“Indifferent”, or “incapable”?

Before the onset of this entry I would like to state that I apparently ate a wax ear plug in my sleep last night. Yup, that happened. But there are two positives to this narrative. One, I only ate a single plug and two, I at least chewed and didn’t choke. I live to see another day! Yippee, and what not. lol. But really, I am happy to still exist, I quite like it. Despite the downs I often face there’s still so much to see, try, and experience.

Okay! To begin. The title words might or might not be the most appropriate two words, but as long as the sentiment is understood, that’s what matters. Laziness, motivation, passion, a common thread exists between them. [Obligatory disclaimer: these are my thoughts and experience, I am not trying to say that I am representative of any group of people.] As you may know depression can sap energy. Keep that in your head a minute. Now, imagine it being a recurring thing that never quite fully exits, but takes breaks. Does that sound like it might leave you tired? I’m not sure if it’s the bipolar (the depression aspect more specifically) or what, but it hampers me in many a way. Now, I’ve touched on this a time or two before on here about sleep. About how I’ve going to slowly work my way toward better habits for sleep. I have been maintaining a steady sleep/wake routine for almost a week *pats self on the back*.

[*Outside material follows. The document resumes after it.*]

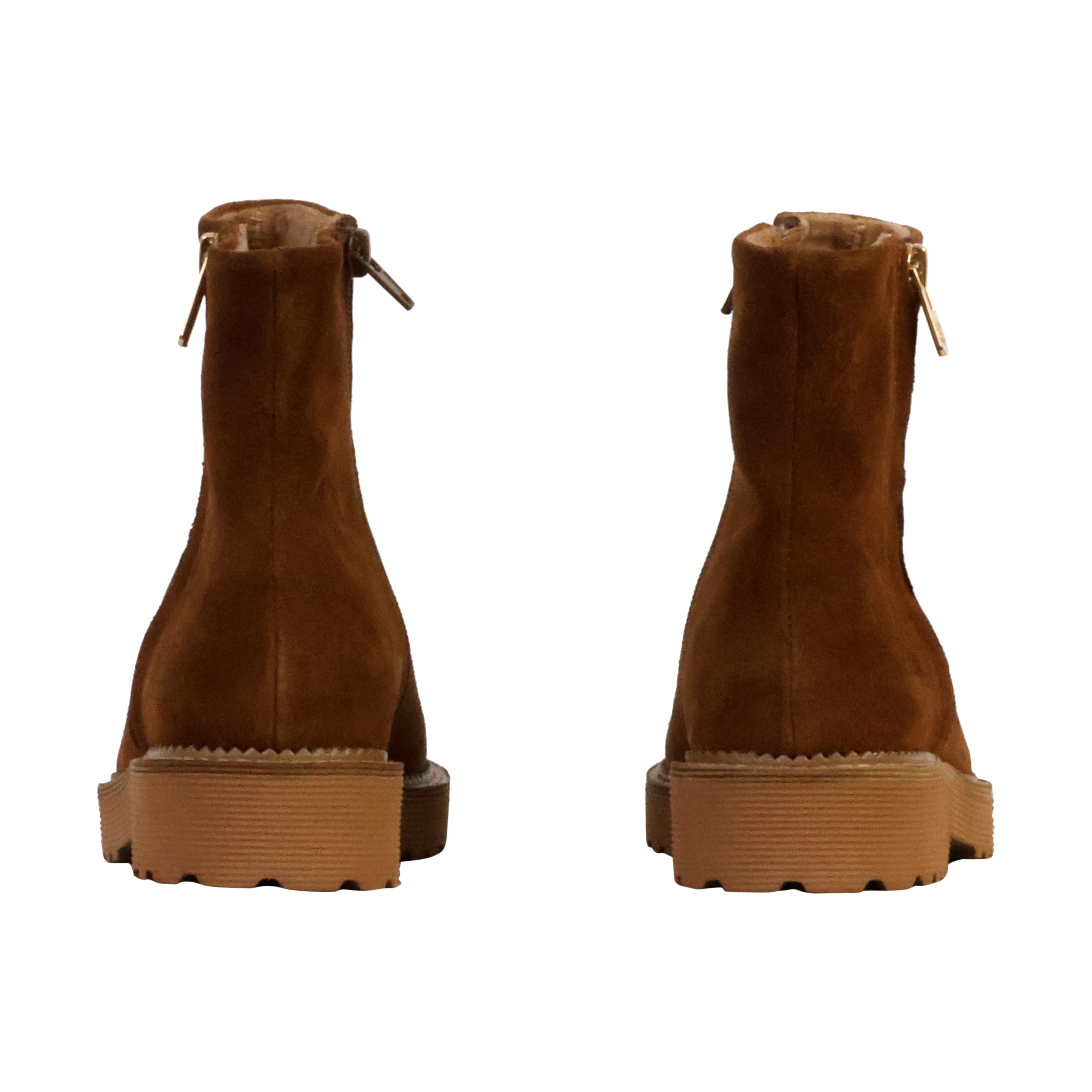 Ondine leather ankle boots EMILIE KARSTON Brown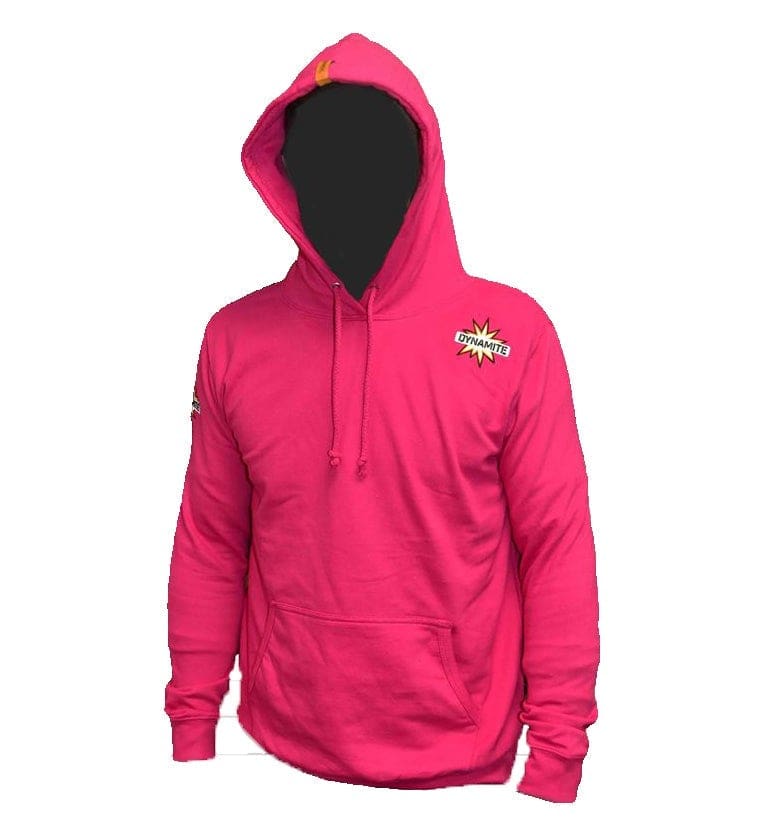 Dynamite Baits -Pink Hoody Small Clothing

What does feeling tired do? It peels back motivation to an appalling degree. It steals the wheel from you and crashes you into all of the obstacles. Try to imagine that feeling of being exhausted (without do much to get there) everyday. It is for this reason that my addictions have become as strong as they have. The payoff of a dopamine rush or two when my mind inevitably lags. They were the only things that could penetrate that tired feeling I so dislike. But I mostly developed them to avoid listening to my body. Which says tired. So why don’t I heed what my body is telling me? I already feel like a lazy unmotivated person most of the time… taking a nap or two just further supports that idea. I don’t know where it came from, but I associate napping with lazy and boring, at least in regards to myself. Perhaps that’s due to American media and their depiction of this slacker archetype. If you’re doing nothing, you are nothing. But honestly, if we can understand that people are born into the wrong body (transgender people) than why does someone who’s doing nothing make them a slacker?

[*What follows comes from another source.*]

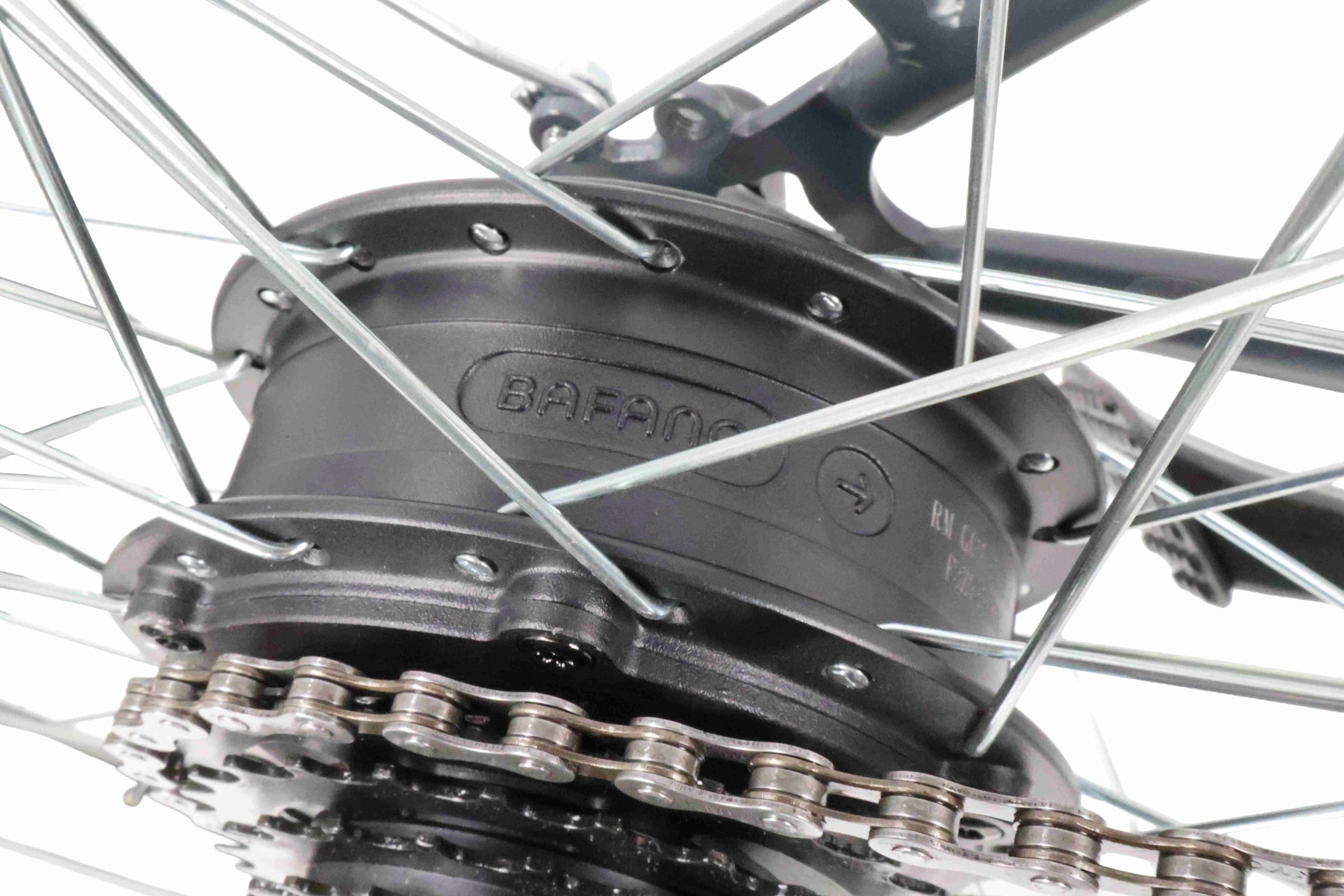 LLobe »City E-Bike 26" Mando anthrazit« 6 Gang Shimano Tourney Schaltwerk Kettenschaltung Heckmotor 250 W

The question I am posing, is what if that person (the “slacker” really wants to do something? It’s just that they’re so dulled down by being tired and sad all of the time ultimately killing motivation, ultimately killing interest, and passion, which denies action to take place? Whatsmore, for those of you who didn’t know this, addiction numbs the bad… but it will numb most any other pleasure that it is not responsible for as well. This person is left tired and unmotivated, interested in doing something, but what? Nothing sounds good, nothing sounds like it will reach the level of high that their drugs do. So time is filled with meaningless things to kill the time until a friend or some other person comes around. It’s time to get all of that stimulation now.

For example, I’ve been trying really hard recently to watch both my eating and my online porn habit (that’s an intentional distinction I want to make clear at some point). Very little has sounded appealing. It’s as if I am standing at those hammer and bell carnival games, you know the kind. The kind where you have to really slam that hammer down in order to win. Yeah, it’s like that, but one after another and most of them unresponsive, arms tiring more and more with every swing.

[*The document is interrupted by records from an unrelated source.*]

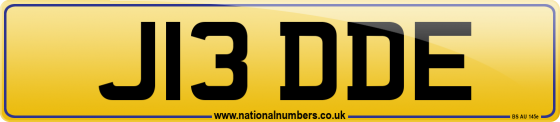 J13 DDE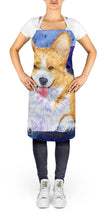 Load image into Gallery viewer, Corgi Apron – Artist-Designed Kitchen, BBQ &amp; Craft Apron
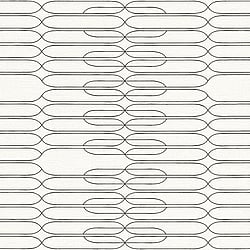 Galerie Wallcoverings Product Code SK21118 - Skandinavia 2 Wallpaper Collection - Monochrome Black White Colours - Monochrome Deco Line Print Design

I’ve recently discovered that I really like getting out and going places. It fires me up and makes me more awake and happier than any fix could. It’s incredible. This must be what it feels like to have other joys. They say that after you’ve returned from an addiction, or certain addictions at least, that you reach a sort of fresh start. Your mind (although now hyper-sensitive to the problematic stimuli) bounces back and is now sensitive to other things. A bit of a factory reset if you will. So while I’m in essence a zombie throughout my days… I all of a sudden find my soul again when it’s time to get out and do something! Which, as a side note,makes me wonder if sitting in a coffee shop and doing stuff would be of benefit to me. I’ll have to try that.

But one thing I can say about passion… there are few times when I get flickers of it (at this point in time), but when I do it really shows. I’m expressive and blatant in where I’m at mentally. If I’m not awake or in a good mood it’s hard for me to put a wide-eyed smiling mask on. For instance, here. On this blog I feel like I’m getting out what I want to and need to say. I’m very passionate about discussing things of this nature with people. I’m passionate that the world needs to understand what disorders are, and how they work, and not pay heed to the sensationalized cases in the news or portrayed on television. Sure, I need to start being able to take things at face value a little more, but I feel other people could learn to dig a little bit deeper than the surface of things.

Hopefully this tied together coherently. Think objectively, and stay well my friends!